*** Opening Data records ***
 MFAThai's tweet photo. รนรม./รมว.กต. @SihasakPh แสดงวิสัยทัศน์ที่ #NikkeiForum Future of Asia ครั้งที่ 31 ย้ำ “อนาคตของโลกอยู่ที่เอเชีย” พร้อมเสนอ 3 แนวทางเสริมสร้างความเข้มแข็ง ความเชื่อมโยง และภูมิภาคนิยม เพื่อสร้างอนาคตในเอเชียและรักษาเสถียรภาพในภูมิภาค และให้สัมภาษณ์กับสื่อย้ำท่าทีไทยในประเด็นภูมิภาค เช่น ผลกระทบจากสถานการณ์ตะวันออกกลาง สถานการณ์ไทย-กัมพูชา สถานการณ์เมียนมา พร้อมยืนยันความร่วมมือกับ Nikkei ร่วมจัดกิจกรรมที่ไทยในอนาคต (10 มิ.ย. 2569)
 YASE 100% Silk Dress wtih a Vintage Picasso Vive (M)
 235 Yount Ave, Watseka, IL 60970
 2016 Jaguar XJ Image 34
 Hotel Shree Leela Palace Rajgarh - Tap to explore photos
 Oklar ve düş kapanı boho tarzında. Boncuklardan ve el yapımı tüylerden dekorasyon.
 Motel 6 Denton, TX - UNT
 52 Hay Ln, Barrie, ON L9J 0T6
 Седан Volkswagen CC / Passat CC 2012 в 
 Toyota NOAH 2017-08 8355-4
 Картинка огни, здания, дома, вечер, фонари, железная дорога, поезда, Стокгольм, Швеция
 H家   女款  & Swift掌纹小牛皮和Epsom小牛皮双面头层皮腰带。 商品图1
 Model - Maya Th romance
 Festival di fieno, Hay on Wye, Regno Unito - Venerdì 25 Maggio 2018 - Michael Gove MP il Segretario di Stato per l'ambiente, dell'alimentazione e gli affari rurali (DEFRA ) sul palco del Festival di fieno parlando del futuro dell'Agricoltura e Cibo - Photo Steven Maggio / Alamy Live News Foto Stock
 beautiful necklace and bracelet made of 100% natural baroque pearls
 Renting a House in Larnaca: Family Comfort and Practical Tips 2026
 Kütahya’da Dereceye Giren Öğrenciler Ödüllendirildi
*** Closing Data records ***
* Prompt
Look above for the line containing "Model - Maya Th romance", then transcribe it and all lines after it through the last, exactly and with nothing else.

* Your response
 Model - Maya Th romance
 Festival di fieno, Hay on Wye, Regno Unito - Venerdì 25 Maggio 2018 - Michael Gove MP il Segretario di Stato per l'ambiente, dell'alimentazione e gli affari rurali (DEFRA ) sul palco del Festival di fieno parlando del futuro dell'Agricoltura e Cibo - Photo Steven Maggio / Alamy Live News Foto Stock
 beautiful necklace and bracelet made of 100% natural baroque pearls
 Renting a House in Larnaca: Family Comfort and Practical Tips 2026
 Kütahya’da Dereceye Giren Öğrenciler Ödüllendirildi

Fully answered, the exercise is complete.